What you should do:
Your answer must be the exact lines below, starting with the line with "Bundeskanzler Olaf Scholz" and going on through the line with "SIERRA HEIGHTS - Residential Lease", both included, with no pictures.

Data records:
-- -- --

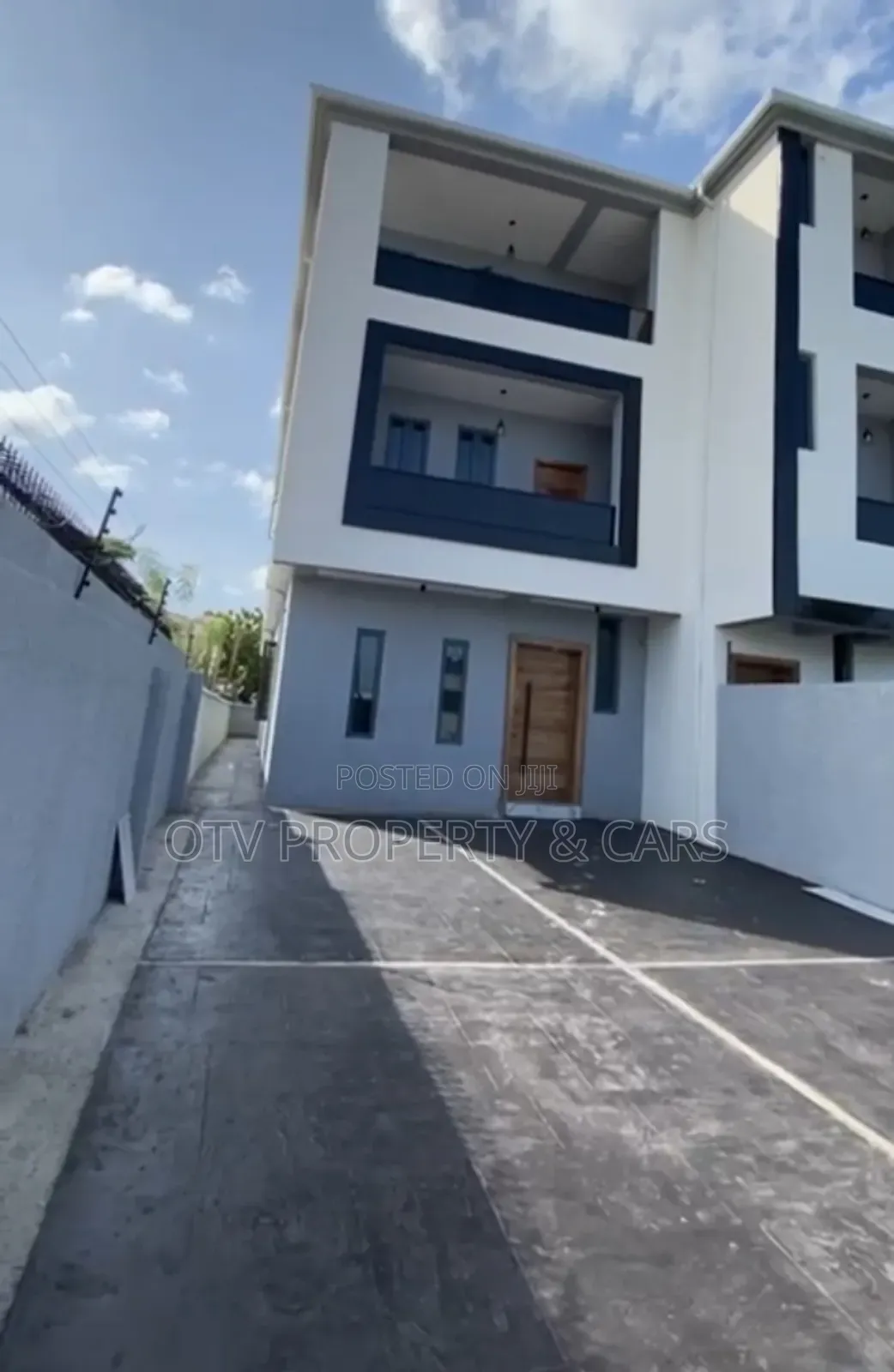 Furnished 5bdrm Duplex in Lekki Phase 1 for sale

-- -- --

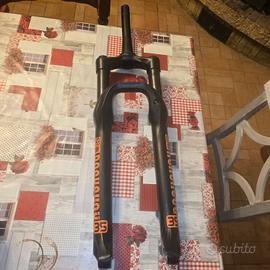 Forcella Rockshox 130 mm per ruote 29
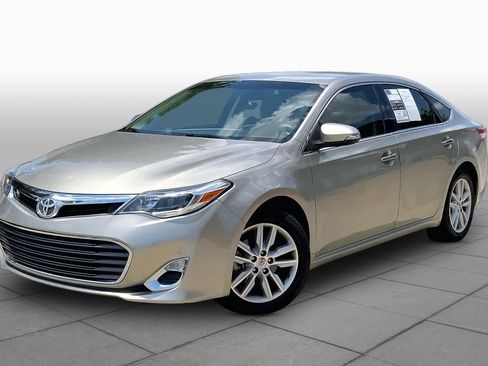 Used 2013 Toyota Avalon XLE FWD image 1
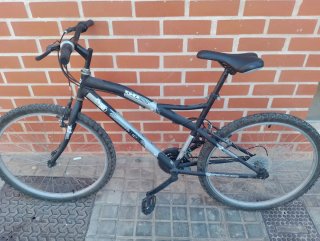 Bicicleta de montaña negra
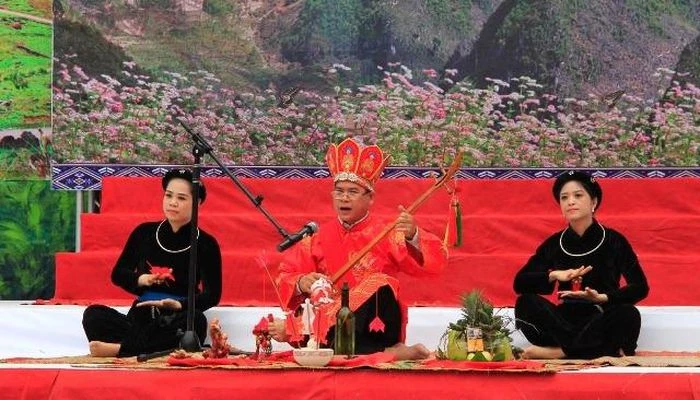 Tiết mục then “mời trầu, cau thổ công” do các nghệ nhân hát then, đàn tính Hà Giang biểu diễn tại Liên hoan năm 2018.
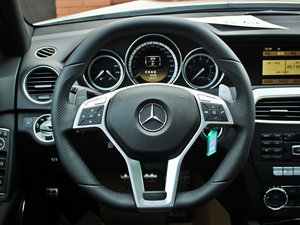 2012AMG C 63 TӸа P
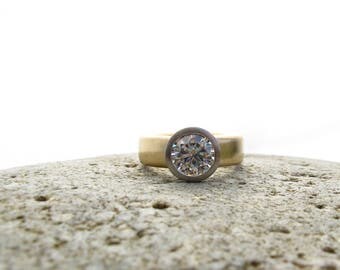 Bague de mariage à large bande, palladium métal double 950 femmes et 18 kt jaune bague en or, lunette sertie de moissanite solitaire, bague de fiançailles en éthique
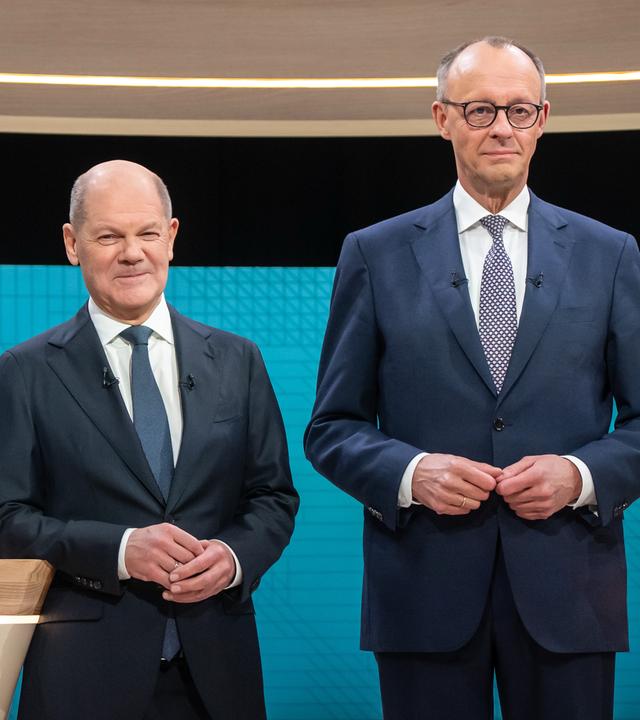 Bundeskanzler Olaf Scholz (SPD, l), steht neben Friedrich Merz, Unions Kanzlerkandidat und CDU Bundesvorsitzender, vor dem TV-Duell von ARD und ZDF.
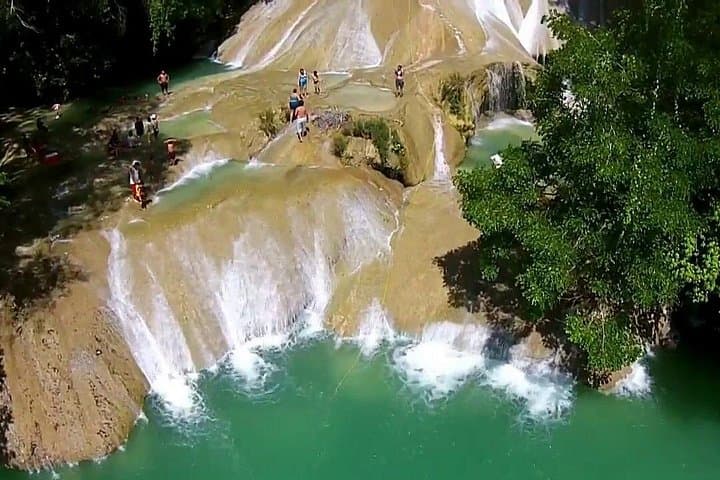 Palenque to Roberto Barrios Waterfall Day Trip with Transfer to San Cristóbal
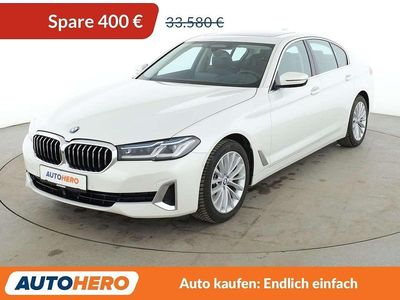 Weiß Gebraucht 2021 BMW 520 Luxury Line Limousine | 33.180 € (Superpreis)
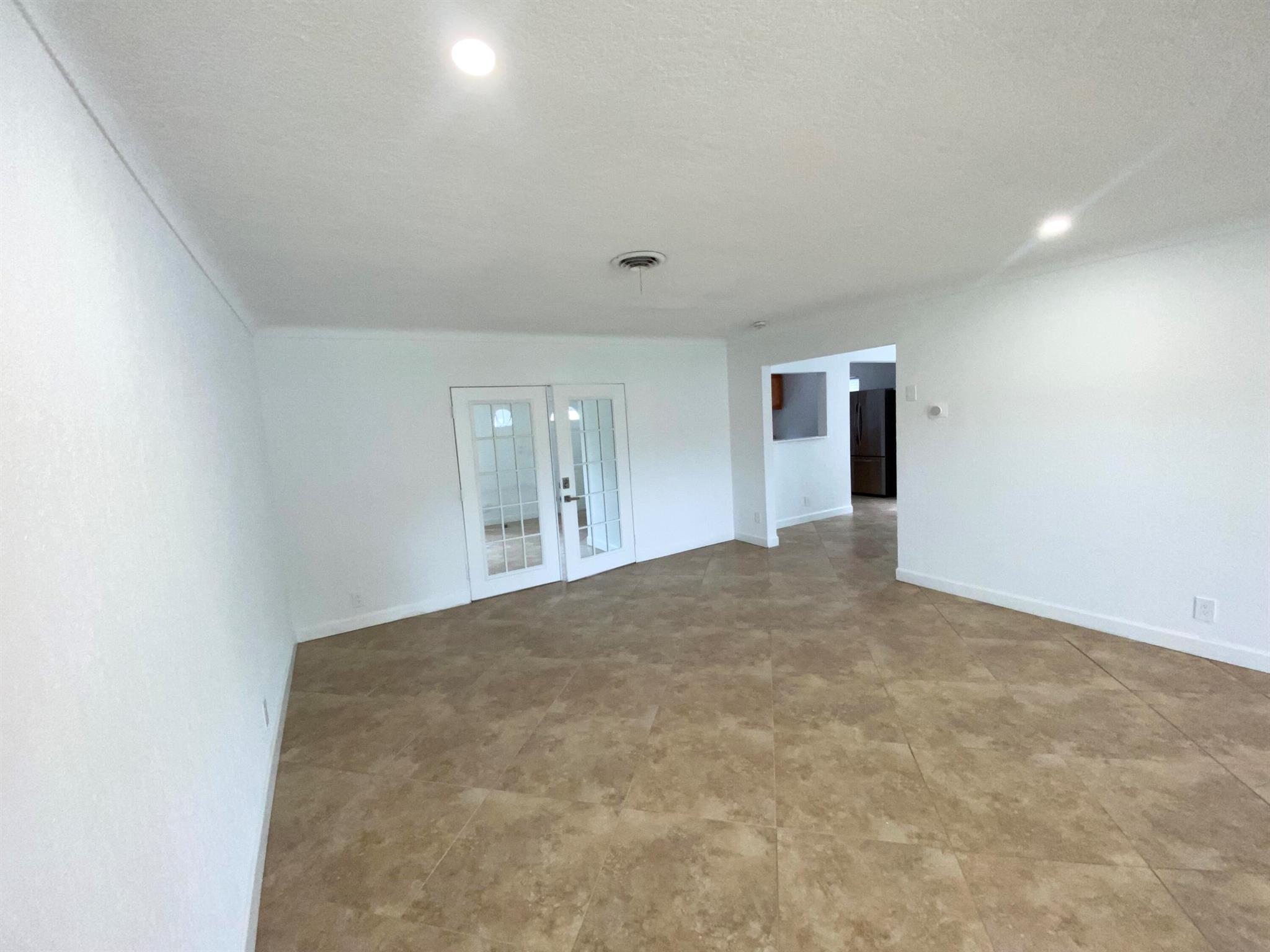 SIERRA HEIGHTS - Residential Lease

-- -- --

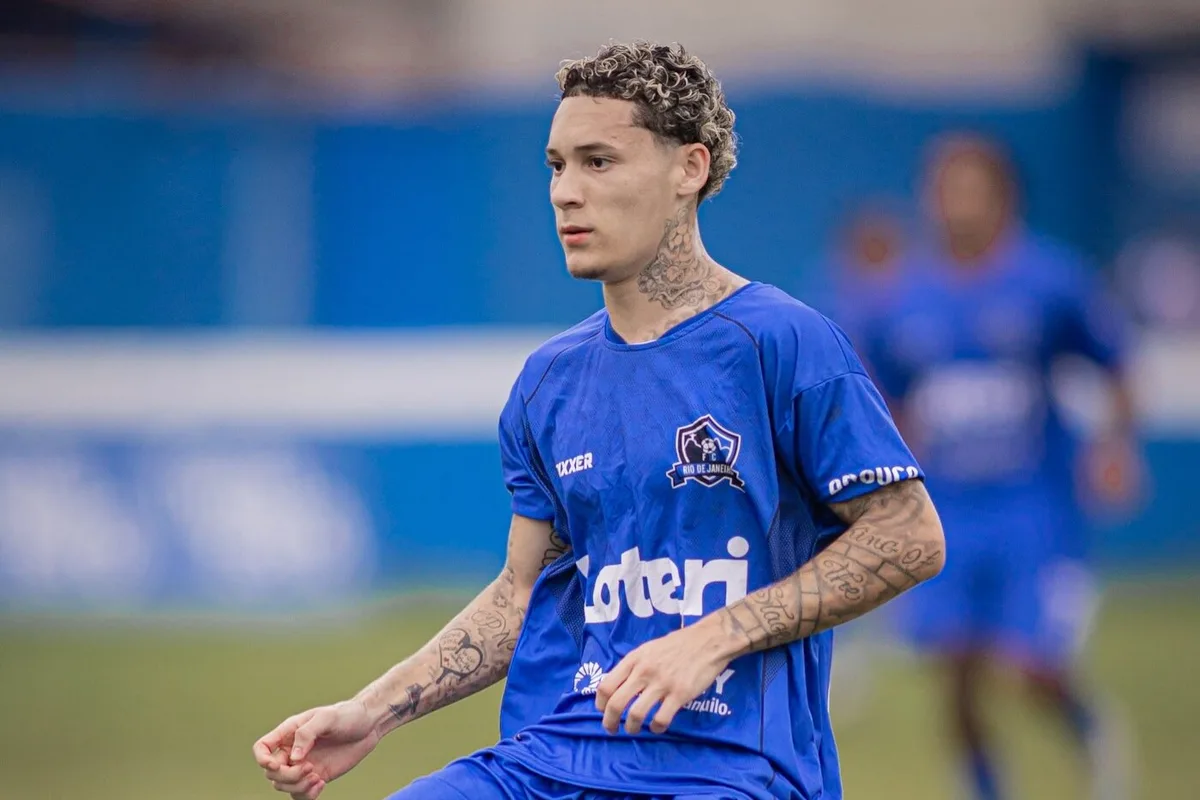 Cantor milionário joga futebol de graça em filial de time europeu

-- -- --

Solution below:
 Bundeskanzler Olaf Scholz (SPD, l), steht neben Friedrich Merz, Unions Kanzlerkandidat und CDU Bundesvorsitzender, vor dem TV-Duell von ARD und ZDF.
 Palenque to Roberto Barrios Waterfall Day Trip with Transfer to San Cristóbal
 Weiß Gebraucht 2021 BMW 520 Luxury Line Limousine | 33.180 € (Superpreis)
 SIERRA HEIGHTS - Residential Lease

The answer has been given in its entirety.